The sample in an experiment is initially at $t_1$°C. If the sample’s temperature is doubled, what is the new temperature in °C?

The answer to that implies the reference to absolute temperature (for simplicity, to one significant figure, as the book required), i. e.:

$t_2°C = (T_1 × 2)K - 273 = (t_1°C + 273) × 2 - 273$.

I understand that the whole idea of this question to reiterate to the pupil that we ought to think of temperature as a specific physical property, and not in an everyday sense, but I am confused about the wording. In the section on temperature author writes:

We will begin with the commonsense idea that temperature is a measure of how “hot” or “cold” a system is. These are properties that we can judge without needing an elaborate theory.

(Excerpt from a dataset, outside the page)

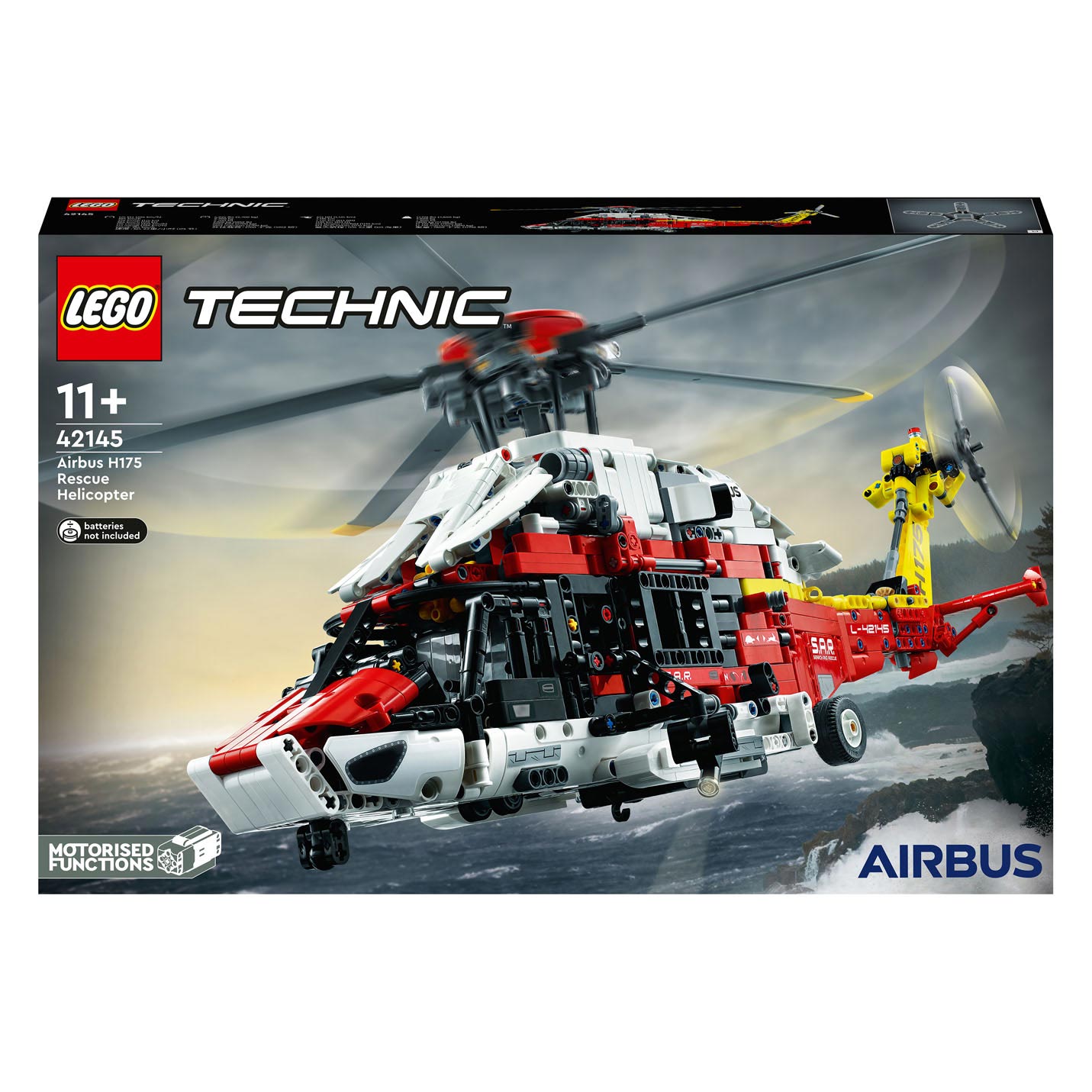 Lego Lego Technic 42145 Airbus H175 Rescue Helicopter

As we develop these ieas, we’ll find that temperature T is related to a system’s thermal energy. […] We’ll study temperature more carefully in Chapter 18 and replace these vague notions of hot and cold with a precise relationship between temperature and thermal energy.

That is, as yet we are still at the stage of “vague notions”. Few paragraphs later Knight introduces Kelvin scale but nowhere there or in between does he specifically insists on that idea I mentioned after the formula. At least not that I can see.

Am I missing something that should be obvious to me, and I fail to grasp it instantly because my brain is depleted by 50+ hours a week of studies? Am I just plain stupid, because to my eternal shame it took me way too long to figure it out? Or was there a better way to home onto that idea by an author: what do other textbooks say on that topic, how do they word this concept? Is the question logically flawed or confusing, or is it the common way of describing the situation in scientific literature?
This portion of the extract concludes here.